= Watha T. Daniel =

American activist

Watha T. Daniel (1911 – December 8, 1973) was the first chairman of the DC Model Cities Commission and long time civic activist in the Shaw Neighborhood of Washington, D.C. He was a master plumber by profession, and he served as chairman of the D.C. Plumbing Board.

== Professional life ==
Daniel graduated from St. Paul's Polytechnic Institute, now St. Paul's College, in Lawrenceville, Virginia in 1930. After serving his time as a journeyman plumber he moved to Washington, D.C., in 1935. In 1940 he became one of the first African-Americans to be licensed as a master plumber in the District of Columbia. During World War II, Daniel served as a pipe fitting supervisor for the Kaiser Co. in Seattle Shipyards. He returned to Washington, D.C., after the war was over and opened the Watha T. Daniel Plumbing and Heating Co. In 1967 he became the first African-American appointed to the DC Plumbing Board, and served as its chairman at the time of his death.

== Civic life ==
Watha T. Daniel was deeply engaged in the livelihood of the Shaw Neighborhood and served on numerous boards and commissions. He served on the DC Board of Education's Board of Examiners for Trade Instructors. He was also chairman of the Citizens Housing Advisory Council. Mayor Walter E. Washington appointed Mr.

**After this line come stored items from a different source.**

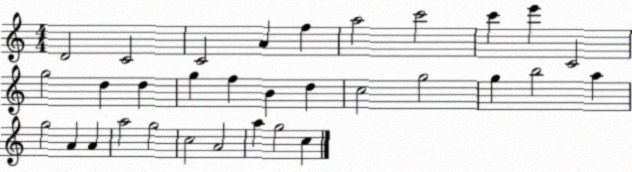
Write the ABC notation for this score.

X:1
T:Untitled
M:4/4
L:1/4
K:C
D2 C2 C2 A f a2 c'2 c' e' C2 g2 d d g f B d c2 g2 g b2 a g2 A A a2 g2 c2 A2 a g2 c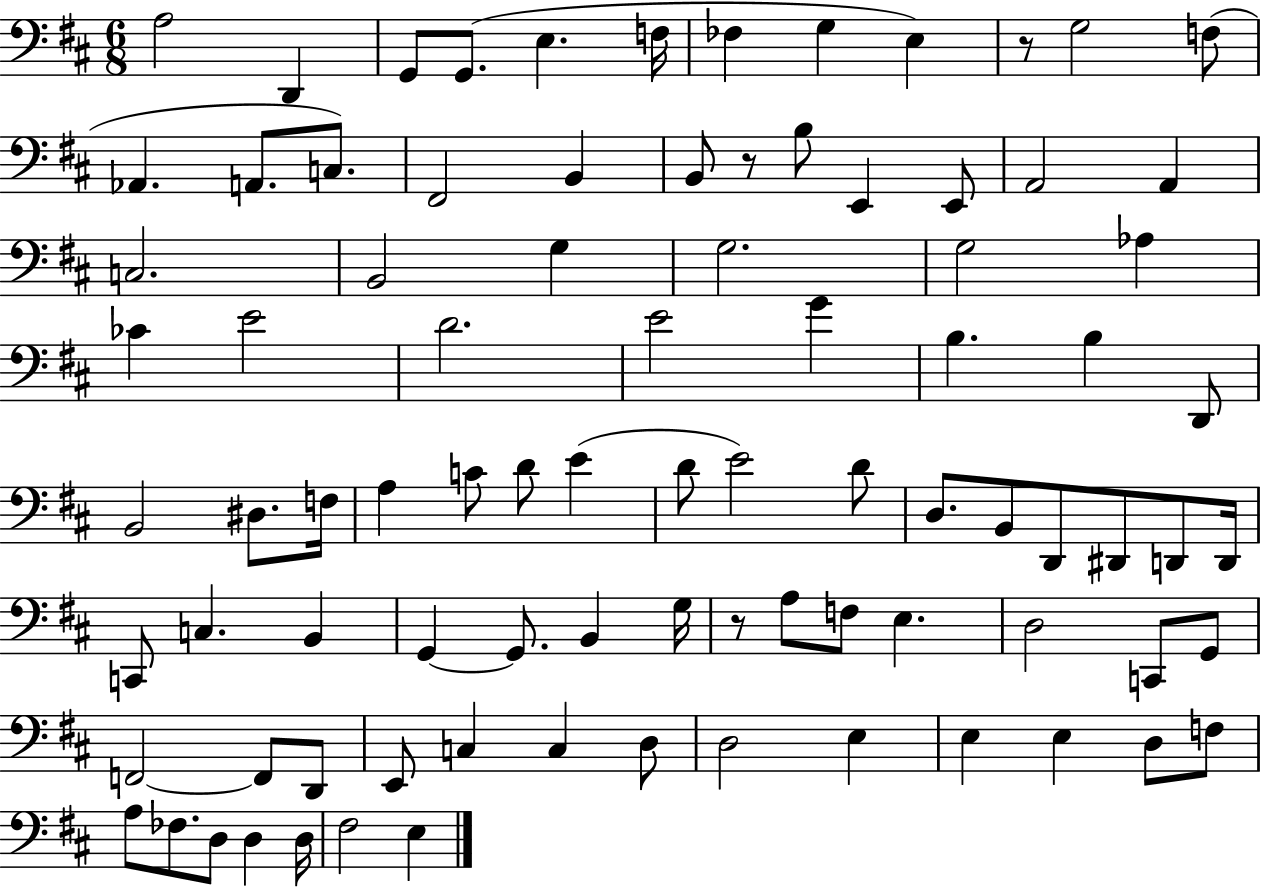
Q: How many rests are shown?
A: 3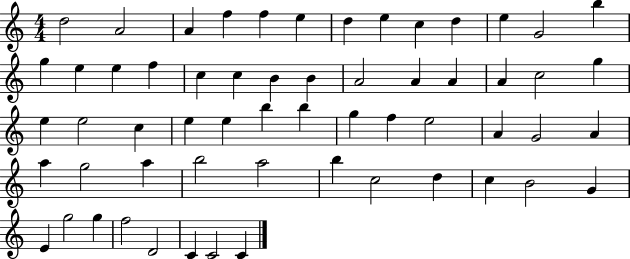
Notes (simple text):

D5/h A4/h A4/q F5/q F5/q E5/q D5/q E5/q C5/q D5/q E5/q G4/h B5/q G5/q E5/q E5/q F5/q C5/q C5/q B4/q B4/q A4/h A4/q A4/q A4/q C5/h G5/q E5/q E5/h C5/q E5/q E5/q B5/q B5/q G5/q F5/q E5/h A4/q G4/h A4/q A5/q G5/h A5/q B5/h A5/h B5/q C5/h D5/q C5/q B4/h G4/q E4/q G5/h G5/q F5/h D4/h C4/q C4/h C4/q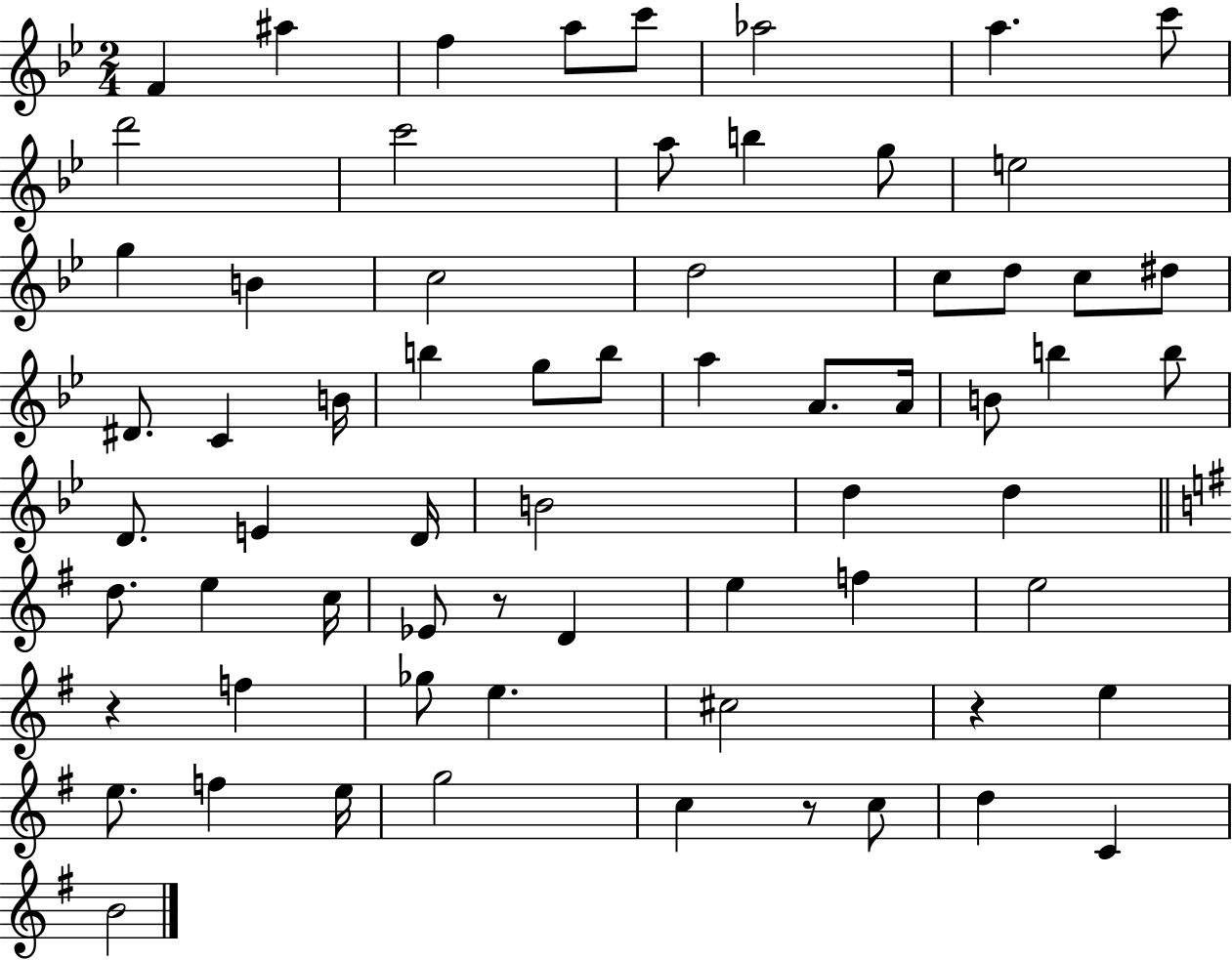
{
  \clef treble
  \numericTimeSignature
  \time 2/4
  \key bes \major
  \repeat volta 2 { f'4 ais''4 | f''4 a''8 c'''8 | aes''2 | a''4. c'''8 | \break d'''2 | c'''2 | a''8 b''4 g''8 | e''2 | \break g''4 b'4 | c''2 | d''2 | c''8 d''8 c''8 dis''8 | \break dis'8. c'4 b'16 | b''4 g''8 b''8 | a''4 a'8. a'16 | b'8 b''4 b''8 | \break d'8. e'4 d'16 | b'2 | d''4 d''4 | \bar "||" \break \key e \minor d''8. e''4 c''16 | ees'8 r8 d'4 | e''4 f''4 | e''2 | \break r4 f''4 | ges''8 e''4. | cis''2 | r4 e''4 | \break e''8. f''4 e''16 | g''2 | c''4 r8 c''8 | d''4 c'4 | \break b'2 | } \bar "|."
}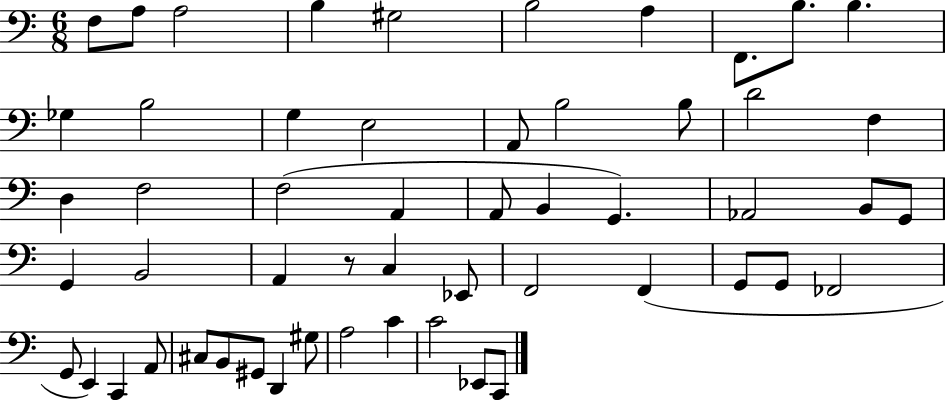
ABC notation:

X:1
T:Untitled
M:6/8
L:1/4
K:C
F,/2 A,/2 A,2 B, ^G,2 B,2 A, F,,/2 B,/2 B, _G, B,2 G, E,2 A,,/2 B,2 B,/2 D2 F, D, F,2 F,2 A,, A,,/2 B,, G,, _A,,2 B,,/2 G,,/2 G,, B,,2 A,, z/2 C, _E,,/2 F,,2 F,, G,,/2 G,,/2 _F,,2 G,,/2 E,, C,, A,,/2 ^C,/2 B,,/2 ^G,,/2 D,, ^G,/2 A,2 C C2 _E,,/2 C,,/2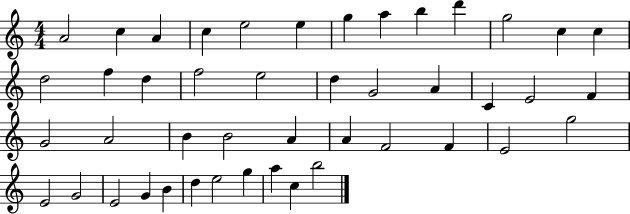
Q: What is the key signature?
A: C major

Daniel to the Mayor's Advisory Committee on Health and the District's LEAA Criminal Justice Advisory Committee. In the 1960s Mr. Daniel was elected to the Citizens Advisory Committee of the Shaw Neighborhood Development Center, and he became a charter member of the Model Inner City Community Organization (MICCO). Later becoming vice-president of MICCO. He also served as the chairman of the DC Model Cities Commission, an urban renewal program, between 1968 and 1972.

== The Watha T. Daniel/Shaw Neighborhood Library ==

On September 27, 1975 the DC Public Library opened the Watha T. Daniel/Shaw Neighborhood Library. Originally slated to be the "Shaw Branch Library", the library at 8th and Rhode Island Ave. NW was dedicated in honor of Mr. Daniel prior to opening.